HB noemen de niet-parametrische studies niet in het ESB-artikel, maar Van Hulst (2016) vat deze studies wel samen in zijn proefschrift. Ook op deze niet-parametrische studies past hij een regressieanalyse toe. Hierin wordt niet geprobeerd verschillen in de schaalelasticiteit te verklaren, zoals in HB, want de meeste niet-parametrische studies rapporteren geen schaalelasticiteit. Wat deze studies vaak wel rapporteren, is de optimale schaal. Van Hulst (2016) probeert de verschillen in optimale schaal te verklaren uit onder meer het gemiddelde aantal bedden van de ziekenhuizen in de studie. Hij concludeert dat de geschatte optimale schaal toeneemt met het gemiddelde aantal bedden in de studie. Maar deze uitkomst wordt door hem terzijde geschoven omdat verschillen in het gemiddelde aantal bedden ook verschillen in context zouden oppikken, waarmee hij mogelijk doelt op verschillen in type ziekenhuis en verschillen in casemix. Maar dat geldt net zo goed voor de beddenvariabele in de parametrische studies die de basis vormen voor het ESB-artikel.
Gebruikte schaalelasticiteiten gelden niet bij het gemiddelde aantal bedden
HB nemen aan dat de schaalelasticiteit die in een bepaalde studie is gevonden, geldt bij het gemiddelde aantal bedden in die studie. Dat hoeft niet het geval te zijn. Figuur 1 geeft de situatie weer waarin de schaalelasticiteit groter is dan 1 voor kleine ziekenhuizen, dan lange tijd praktisch gelijk is aan 1, en dan bij de grootste ziekenhuizen daalt onder de 1. Dit is precies het patroon dat volgens figuur 1 in HB uit de studies naar voren komt.

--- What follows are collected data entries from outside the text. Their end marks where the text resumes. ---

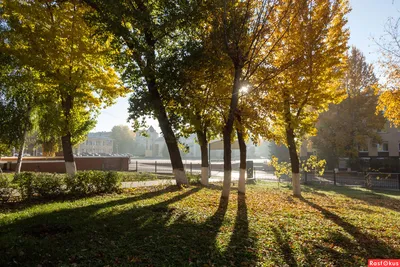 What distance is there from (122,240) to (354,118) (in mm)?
36420

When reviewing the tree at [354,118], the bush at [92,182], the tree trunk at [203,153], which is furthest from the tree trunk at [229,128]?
the tree at [354,118]

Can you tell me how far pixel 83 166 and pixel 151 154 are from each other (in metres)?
71.1

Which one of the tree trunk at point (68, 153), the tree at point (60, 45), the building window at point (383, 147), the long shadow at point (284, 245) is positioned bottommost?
the long shadow at point (284, 245)

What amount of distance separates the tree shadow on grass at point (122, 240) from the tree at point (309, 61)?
592 cm

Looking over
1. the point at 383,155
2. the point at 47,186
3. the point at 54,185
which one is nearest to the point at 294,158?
the point at 54,185

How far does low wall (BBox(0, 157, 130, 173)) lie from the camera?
21.8 m

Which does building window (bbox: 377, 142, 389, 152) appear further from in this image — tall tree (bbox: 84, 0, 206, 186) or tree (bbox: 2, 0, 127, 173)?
tree (bbox: 2, 0, 127, 173)

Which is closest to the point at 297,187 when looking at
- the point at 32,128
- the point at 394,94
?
the point at 394,94

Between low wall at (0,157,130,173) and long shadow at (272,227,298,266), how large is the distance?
22316 mm

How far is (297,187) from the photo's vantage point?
43.2 feet

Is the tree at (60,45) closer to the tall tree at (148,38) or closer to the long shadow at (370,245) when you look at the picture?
the tall tree at (148,38)

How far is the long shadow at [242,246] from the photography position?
181 inches

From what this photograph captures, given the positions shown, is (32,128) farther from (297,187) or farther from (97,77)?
(297,187)

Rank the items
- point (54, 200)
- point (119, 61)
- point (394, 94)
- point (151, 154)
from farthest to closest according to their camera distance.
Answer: point (151, 154) → point (394, 94) → point (119, 61) → point (54, 200) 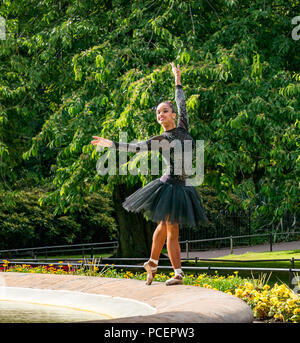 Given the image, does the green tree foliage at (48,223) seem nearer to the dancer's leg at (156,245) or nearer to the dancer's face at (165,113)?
the dancer's leg at (156,245)

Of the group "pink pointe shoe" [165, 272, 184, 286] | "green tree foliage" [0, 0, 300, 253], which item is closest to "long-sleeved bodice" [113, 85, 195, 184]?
"pink pointe shoe" [165, 272, 184, 286]

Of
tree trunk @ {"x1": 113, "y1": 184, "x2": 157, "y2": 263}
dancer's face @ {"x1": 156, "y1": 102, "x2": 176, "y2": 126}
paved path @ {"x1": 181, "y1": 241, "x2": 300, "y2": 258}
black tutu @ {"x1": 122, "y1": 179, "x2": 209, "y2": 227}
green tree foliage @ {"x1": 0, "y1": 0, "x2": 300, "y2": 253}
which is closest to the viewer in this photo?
black tutu @ {"x1": 122, "y1": 179, "x2": 209, "y2": 227}

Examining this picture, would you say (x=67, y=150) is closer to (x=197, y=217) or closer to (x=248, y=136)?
(x=248, y=136)

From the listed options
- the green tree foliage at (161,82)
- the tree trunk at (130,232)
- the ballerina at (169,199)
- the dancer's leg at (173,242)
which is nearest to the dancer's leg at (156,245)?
the ballerina at (169,199)

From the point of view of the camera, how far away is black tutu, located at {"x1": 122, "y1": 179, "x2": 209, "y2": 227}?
6941mm

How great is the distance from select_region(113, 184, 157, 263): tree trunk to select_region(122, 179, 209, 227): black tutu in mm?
10496

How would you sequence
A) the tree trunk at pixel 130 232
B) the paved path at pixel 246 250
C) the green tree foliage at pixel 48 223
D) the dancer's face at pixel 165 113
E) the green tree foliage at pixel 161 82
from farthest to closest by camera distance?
the paved path at pixel 246 250 → the green tree foliage at pixel 48 223 → the tree trunk at pixel 130 232 → the green tree foliage at pixel 161 82 → the dancer's face at pixel 165 113

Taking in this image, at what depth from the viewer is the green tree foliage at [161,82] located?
Result: 1194cm

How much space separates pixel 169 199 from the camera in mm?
6957

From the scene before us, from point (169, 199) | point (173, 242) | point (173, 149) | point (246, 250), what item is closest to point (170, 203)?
point (169, 199)

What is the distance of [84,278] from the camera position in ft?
27.3

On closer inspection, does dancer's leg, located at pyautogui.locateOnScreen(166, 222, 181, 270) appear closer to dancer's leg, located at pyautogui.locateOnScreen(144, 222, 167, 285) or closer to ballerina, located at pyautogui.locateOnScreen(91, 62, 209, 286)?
ballerina, located at pyautogui.locateOnScreen(91, 62, 209, 286)

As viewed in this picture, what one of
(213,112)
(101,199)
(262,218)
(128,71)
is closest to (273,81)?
(213,112)

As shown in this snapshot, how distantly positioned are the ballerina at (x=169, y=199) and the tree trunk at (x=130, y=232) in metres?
10.3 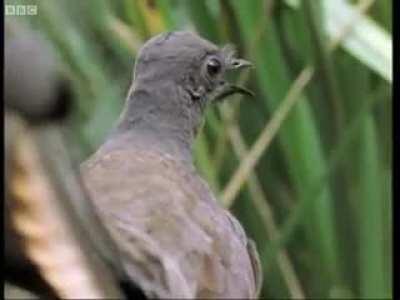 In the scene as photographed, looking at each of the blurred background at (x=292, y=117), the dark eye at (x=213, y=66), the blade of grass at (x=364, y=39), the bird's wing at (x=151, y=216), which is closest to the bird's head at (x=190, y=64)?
the dark eye at (x=213, y=66)

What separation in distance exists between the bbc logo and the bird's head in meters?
0.29

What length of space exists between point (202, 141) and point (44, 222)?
1.13 metres

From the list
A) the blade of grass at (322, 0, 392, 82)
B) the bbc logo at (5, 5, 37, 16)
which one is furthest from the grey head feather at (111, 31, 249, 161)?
the blade of grass at (322, 0, 392, 82)

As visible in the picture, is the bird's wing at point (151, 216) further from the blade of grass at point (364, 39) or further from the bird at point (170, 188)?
the blade of grass at point (364, 39)

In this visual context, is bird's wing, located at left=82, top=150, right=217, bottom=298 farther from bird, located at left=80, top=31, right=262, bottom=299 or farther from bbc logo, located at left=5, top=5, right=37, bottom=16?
bbc logo, located at left=5, top=5, right=37, bottom=16

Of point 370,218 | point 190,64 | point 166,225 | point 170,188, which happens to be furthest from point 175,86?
point 370,218

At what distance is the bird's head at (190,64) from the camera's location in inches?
55.4

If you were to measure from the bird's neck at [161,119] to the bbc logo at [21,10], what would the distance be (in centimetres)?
30

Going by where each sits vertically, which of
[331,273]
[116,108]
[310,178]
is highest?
[116,108]

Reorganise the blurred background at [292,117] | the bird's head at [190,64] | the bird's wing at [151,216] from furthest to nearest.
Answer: the blurred background at [292,117]
the bird's head at [190,64]
the bird's wing at [151,216]

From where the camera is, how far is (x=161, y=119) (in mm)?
1450

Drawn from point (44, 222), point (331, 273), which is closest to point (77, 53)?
point (331, 273)

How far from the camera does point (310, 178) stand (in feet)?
6.36

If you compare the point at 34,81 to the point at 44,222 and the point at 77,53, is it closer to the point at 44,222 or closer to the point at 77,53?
the point at 44,222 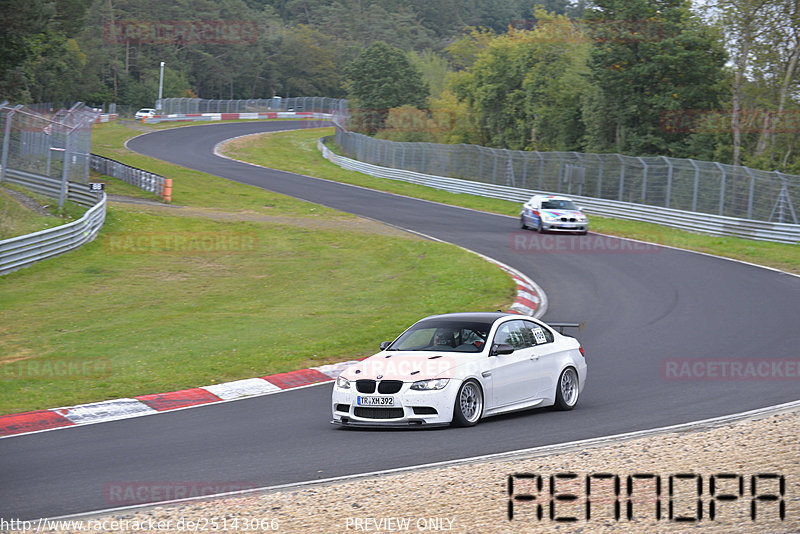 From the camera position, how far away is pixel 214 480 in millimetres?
8469

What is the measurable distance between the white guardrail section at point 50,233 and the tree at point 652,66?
92.5 ft

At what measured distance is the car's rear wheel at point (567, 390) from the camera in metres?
12.0

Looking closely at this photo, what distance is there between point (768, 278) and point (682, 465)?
17.2 m

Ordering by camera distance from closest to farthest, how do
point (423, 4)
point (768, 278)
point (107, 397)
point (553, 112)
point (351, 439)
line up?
point (351, 439) → point (107, 397) → point (768, 278) → point (553, 112) → point (423, 4)

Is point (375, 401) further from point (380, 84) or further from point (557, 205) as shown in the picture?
point (380, 84)

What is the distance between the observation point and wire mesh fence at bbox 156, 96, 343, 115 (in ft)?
330

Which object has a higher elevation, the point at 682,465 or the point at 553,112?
the point at 553,112

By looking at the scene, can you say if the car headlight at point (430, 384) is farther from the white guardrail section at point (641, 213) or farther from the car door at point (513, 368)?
the white guardrail section at point (641, 213)

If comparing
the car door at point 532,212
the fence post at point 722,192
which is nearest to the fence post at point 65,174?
the car door at point 532,212

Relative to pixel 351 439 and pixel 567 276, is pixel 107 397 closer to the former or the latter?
pixel 351 439

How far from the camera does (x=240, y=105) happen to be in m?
109

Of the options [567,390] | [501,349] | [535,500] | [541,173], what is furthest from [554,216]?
[535,500]

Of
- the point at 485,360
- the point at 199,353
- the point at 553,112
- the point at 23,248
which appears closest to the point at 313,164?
the point at 553,112

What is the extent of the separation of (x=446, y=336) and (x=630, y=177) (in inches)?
1147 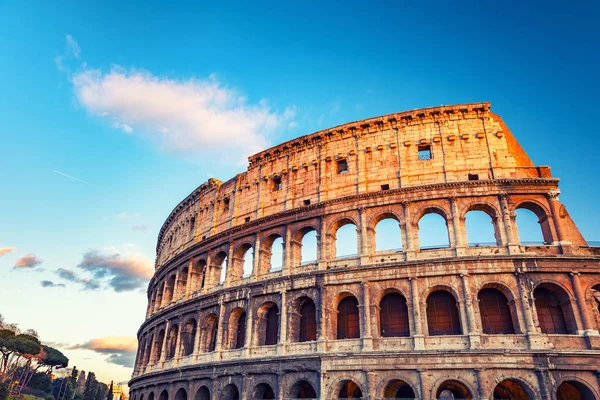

In een steekproef met alleen ziekenhuizen met 1 tot 200 bedden is de geschatte elasticiteit dan groter dan 1, en in een steekproef met ziekenhuizen met 200 tot 400 bedden juist kleiner dan 1. In beide gevallen is voor het ziekenhuis met het gemiddelde aantal bedden in de steekproef (100 respectievelijk 300 bedden) de werkelijke schaalelasticiteit echter gelijk aan 1.
Als we, zoals HB doen in hun figuur 1, de in de beide steekproeven geschatte schaalelasticiteit relateren aan het gemiddelde aantal bedden, dan overschatten we de elasticiteit van het ziekenhuis met het gemiddelde aantal bedden in steekproef 1, en onderschatten we de elasticiteit van het ziekenhuis met het gemiddelde aantal bedden in steekproef 2. Als we deze over- en onderschattingen vervolgens in een regressieanalyse relateren aan het gemiddelde aantal bedden, dan overschatten we de mate waarin de schaalelasticiteit daalt met het aantal bedden. Dit resulteert in een onderschatting van het optimale aantal bedden.
Conclusies
De meta-analyse van HB is niet toepasbaar op Nederland omdat de gemiddelde omvang van de ziekenhuizen in alle achterliggende studies kleiner is dan het gemiddelde Nederlandse ziekenhuis. Bovendien is er niet afdoende gecorrigeerd voor patiëntkenmerken, en er is geen rekening gehouden met kwaliteit van zorg. Niet-parametrische studies wijzen bovendien op onbenutte schaalvoordelen bij grote ziekenhuizen. En tot slot kan het gebruik in een meta-analyse van de gemiddelde ziekenhuisomvang resulteren in een onderschatting van de optimale schaal.
Literatuur
Batterink, M., M. Pomp, R. Kemp et al. (2017) Ziekenhuisfusies leiden niet aantoonbaar tot betere kwaliteit. ESB, 102(4745), 20–22.
Hulst, B.L. van (2016) Enhancing hospital productivity. Proefschrift. Technische Universiteit Delft.
Hulst, B. van, en J. Blank (2017) Nederlandse ziekenhuizen te groot voor verdere schaalvoordelen. ESB, 102(4749), 226–228.
Wilson, P.W., en K. Carey (2004) Nonparametric analysis of returns to scale in the US hospital industry. Journal of Applied Econometrics, 19(4), 505–524.